# scanner/laser printer mirror



## Salburr (Apr 10, 2017)

Hi all, I have disassembled 3 various printers/scanners and in them I have accumulated 6 or 7 of the rectangular glass pieces that are plated as mirrors.
1) are there any PM in that plating? It looks to be a brown tint (hard to tell). (don't have chemicals yet (Finally found some Nitric for less than $100/litre yesterday...)
2) my thought was regardless of PM content, I think they would make a good glass stirring rod? yes? No?

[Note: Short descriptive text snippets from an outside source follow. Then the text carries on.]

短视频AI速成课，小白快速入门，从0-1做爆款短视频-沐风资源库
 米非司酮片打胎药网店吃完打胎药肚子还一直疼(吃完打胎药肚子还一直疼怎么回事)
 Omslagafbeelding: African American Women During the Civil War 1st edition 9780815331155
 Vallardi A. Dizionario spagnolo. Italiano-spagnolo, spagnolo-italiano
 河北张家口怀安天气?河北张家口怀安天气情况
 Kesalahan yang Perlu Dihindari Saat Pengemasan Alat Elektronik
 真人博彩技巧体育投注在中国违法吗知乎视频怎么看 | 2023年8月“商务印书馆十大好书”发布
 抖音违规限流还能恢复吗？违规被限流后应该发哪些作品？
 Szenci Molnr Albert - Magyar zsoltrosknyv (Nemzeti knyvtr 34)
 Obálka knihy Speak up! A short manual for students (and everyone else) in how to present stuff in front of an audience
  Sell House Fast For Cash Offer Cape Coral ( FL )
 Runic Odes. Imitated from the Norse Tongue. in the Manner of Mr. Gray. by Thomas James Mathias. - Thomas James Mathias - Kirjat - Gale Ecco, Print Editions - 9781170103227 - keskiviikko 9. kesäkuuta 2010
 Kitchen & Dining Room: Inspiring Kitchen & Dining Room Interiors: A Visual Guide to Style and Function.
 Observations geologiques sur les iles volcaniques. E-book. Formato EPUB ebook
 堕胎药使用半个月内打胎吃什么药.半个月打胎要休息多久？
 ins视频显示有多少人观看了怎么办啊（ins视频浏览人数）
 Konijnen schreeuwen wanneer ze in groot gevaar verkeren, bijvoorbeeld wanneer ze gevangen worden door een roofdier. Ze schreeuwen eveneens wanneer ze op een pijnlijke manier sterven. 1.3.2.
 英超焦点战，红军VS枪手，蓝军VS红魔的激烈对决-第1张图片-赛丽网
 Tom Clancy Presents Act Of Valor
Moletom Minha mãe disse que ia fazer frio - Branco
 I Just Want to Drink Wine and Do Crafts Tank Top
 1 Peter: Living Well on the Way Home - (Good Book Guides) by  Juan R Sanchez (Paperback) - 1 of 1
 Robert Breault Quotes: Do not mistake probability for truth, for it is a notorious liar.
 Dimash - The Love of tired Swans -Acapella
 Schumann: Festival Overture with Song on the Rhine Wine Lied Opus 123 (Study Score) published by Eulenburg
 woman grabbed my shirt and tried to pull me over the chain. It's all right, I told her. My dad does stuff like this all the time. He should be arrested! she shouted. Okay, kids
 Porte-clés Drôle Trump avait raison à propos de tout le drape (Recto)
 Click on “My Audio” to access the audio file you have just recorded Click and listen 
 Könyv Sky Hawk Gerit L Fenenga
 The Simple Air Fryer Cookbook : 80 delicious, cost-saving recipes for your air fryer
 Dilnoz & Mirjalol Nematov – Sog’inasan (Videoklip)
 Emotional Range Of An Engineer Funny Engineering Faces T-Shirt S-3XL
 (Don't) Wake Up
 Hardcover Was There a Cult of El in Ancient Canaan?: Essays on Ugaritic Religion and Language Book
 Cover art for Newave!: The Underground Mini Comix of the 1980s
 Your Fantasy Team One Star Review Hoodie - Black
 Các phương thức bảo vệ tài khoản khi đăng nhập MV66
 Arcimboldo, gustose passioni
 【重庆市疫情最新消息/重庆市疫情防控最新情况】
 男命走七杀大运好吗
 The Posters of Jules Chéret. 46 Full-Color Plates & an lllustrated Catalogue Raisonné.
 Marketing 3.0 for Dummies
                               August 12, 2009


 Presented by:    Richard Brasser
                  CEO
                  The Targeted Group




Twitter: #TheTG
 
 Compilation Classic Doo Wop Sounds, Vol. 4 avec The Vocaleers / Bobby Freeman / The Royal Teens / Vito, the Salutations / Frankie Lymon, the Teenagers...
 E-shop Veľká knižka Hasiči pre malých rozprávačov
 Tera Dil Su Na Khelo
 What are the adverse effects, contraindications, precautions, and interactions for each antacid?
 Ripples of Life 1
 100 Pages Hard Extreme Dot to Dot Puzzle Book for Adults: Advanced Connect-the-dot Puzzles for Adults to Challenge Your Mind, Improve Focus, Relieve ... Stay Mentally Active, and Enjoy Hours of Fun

I can post pics if needed but trying to save bandwidth on forum and being a noob, many have probably already dealt with this stuff. Doesn't come up in laser mirror or scanner mirror searches....


----------



## butcher (Apr 13, 2017)

I have some gold mirrors for lasers, they are worth more to me than the micro bit of gold I could recover from them.
I also have gold welding helmet lenses, again more useful than the micro spec of gold used to make them.
mirrors can be made from several metals, I do not know what metals your mirrors are coated with, but if I did not care if I messed up the mirror I could test it much like we would check for gold or silver on other materials, here we just dissolve the coating and test it.
http://www.madehow.com/Volume-1/Mirror.html


----------



## Salburr (Apr 16, 2017)

Thanks for responding butcher, it really sucks to be in Western Canada, I am still scrapping to amass enough items to bother learning to process but Nitric is escaping me for anything less than $100/litre .... I guess I should buy one of those $12 eBay kits to at least test for silver and gold. I was asking about the mirrors as I have 6 or 7 now but one is a different brownish colour. Thought maybe some where more exotic, pd or pt or??


----------



## Salburr (Apr 16, 2017)

While I'm in a scanner thread, are these items of any value? Again out of the same laser scanners/printers.. Thanks guys...


----------



## Findm-Keepm (Apr 16, 2017)

Those are thermal cut-outs/thermostats/thermal switches. Klixon is one brand name, but out of a laser printer, it could be from any of the many Asian companies making them.

http://www.sensata.com/support/klixon-thermostat.htm

They ride upon the drum to keep it's surface from melting should the fuser bar stay on too long. If they open, it stops the printer.

No pms - just a bimetallic disc in an aluminum shell with brass or bronze contacts - the disc heats up, deforms, and either opens or closes a circuit.


----------



## Salburr (Apr 17, 2017)

Thanks findm... hopefully someone else will need the info one day too.


----------